In 2014, we approved our largest single international grant; a $6,750,000 multi-year grant to CURE International. CURE is a US based Christian health care organization operating internationally. Our grant is focused on capacity building for CURE’s operations in Ethiopia and specifically directed at increasing capacity to provide orthopedic services to children in that country suffering from club foot and other severe disabilities. We also continued to develop our relationships with the Christian justice ministry of International Justice Mission and the Christian fresh water ministry of Living Water International. In past years we have contributed significantly to the capital needs of the Christian healthcare work of Mercy Ships. There is a common theme here worth noting on how we view the world, and it is a theme we pursue here locally as well.

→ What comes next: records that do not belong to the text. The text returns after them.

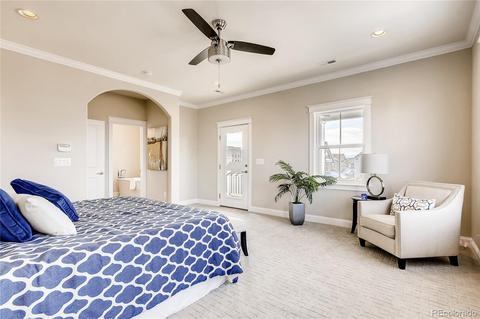 8212 E 49th Pl, Denver, CO 80238 photo 13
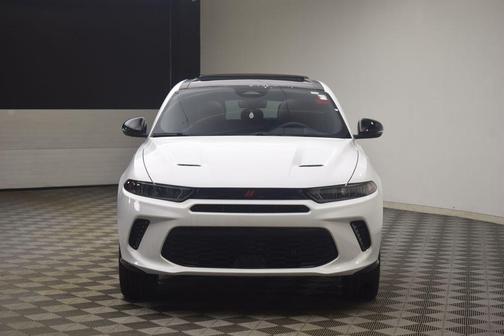 2025 Dodge Hornet R/T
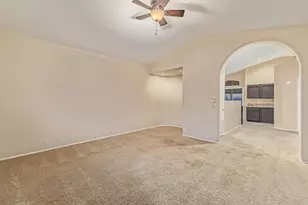 4843 E Windstone Trl, Cave Creek, AZ 85331 - Photo 135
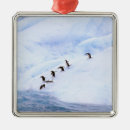 Search for penguins christmas tree decorations Bird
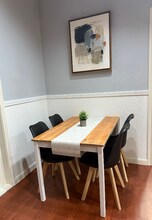 860 N Orange Ave in Orlando, FL - Building Photo - Building Photo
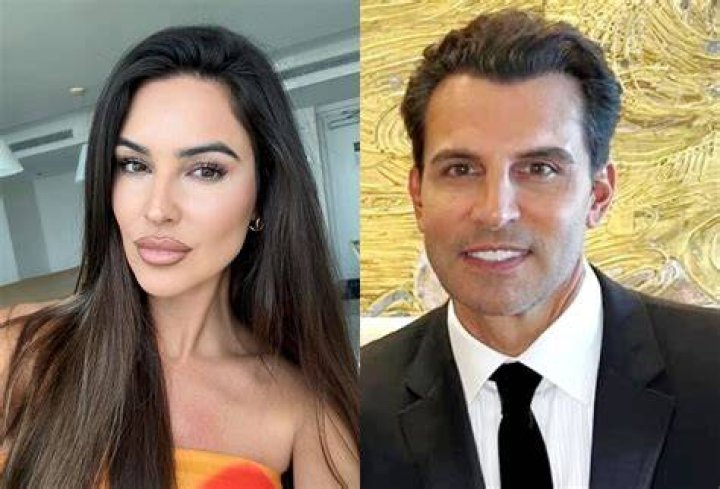 Kelsey Kershner’s Boyfriend: Who is Kelsey Kershner Dating?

We see a world with too many problems to address; certainly way too many around the world to even count. Naively, we may have had some notion that some of these problems could be remedied and we could then move on to others. But we have learned. In fact, our observations are that the world is a truly broken place and that all of us have baggage that we carry into relationships that hinder our abilities to work together to make any real progress. We like to tell other people what to do. We are quick to judge and quick to cast blame. We engage in endless debates that lead to increasing polarization. Our political leaders propose solutions that have little chance of success and there seems to be an absence of effective leadership. Corruption and selfishness abound. The world is increasingly dangerous at the same time as it has grown smaller. Sound depressing? Perhaps, if we look at it strictly from a human point of view. We want to withdraw and seek our own self-preservation. But that is not our worldview. Yes, we are weak. We are as broken as the next person, but we see a world in which God is actively pursuing his purpose. We have experienced his love, we have been saved by his grace and we have been called to follow his son in service to those in need. Jesus gave us everything. He paid the price of our salvation. Knowing that brings us peace and joy even in the face of difficult insoluble problems.
Realizing that there is more at work than we can see, that nothing escapes God’s vision and purpose, it has become easier for us to wade into some of the problems we see that involve everything from extreme poverty, family violence, mental illness, physical and mental disabilities, cruelty to children and animals, human trafficking and oppression, hunger, lack of education and hopelessness.
We want to share what we have been given and we want to celebrate those occasions when we can see that needs of others have been met, the weak have been defended, opportunities for growth and enrichment have been provided and lives have been transformed by the power of the Holy Spirit and the commitment of service that we see in our partners. We are privileged to serve alongside those who do not share our faith. That is OK. We want only that they be committed to serve and derive joy from lifting up those around us.
No, we cannot solve all of the world’s problems. We simply seek to confront the ones we can and support those who are engaged in the hard work of serving people whose lives are affected by these problems. We want to encourage them, comfort them, protect them and share with them what we have been given financially, intellectually, and spiritually. We celebrate each victory and find joy in the journey. Thanks to all who walk along the way with us.
Thornton Hardie, President
For it is by grace you have been saved, through faith — and this is not from yourselves, it is the gift of God — not by works, so that no one can boast. For we are God’s handiwork, created in Christ Jesus to do good works, which God prepared in advance for us to do.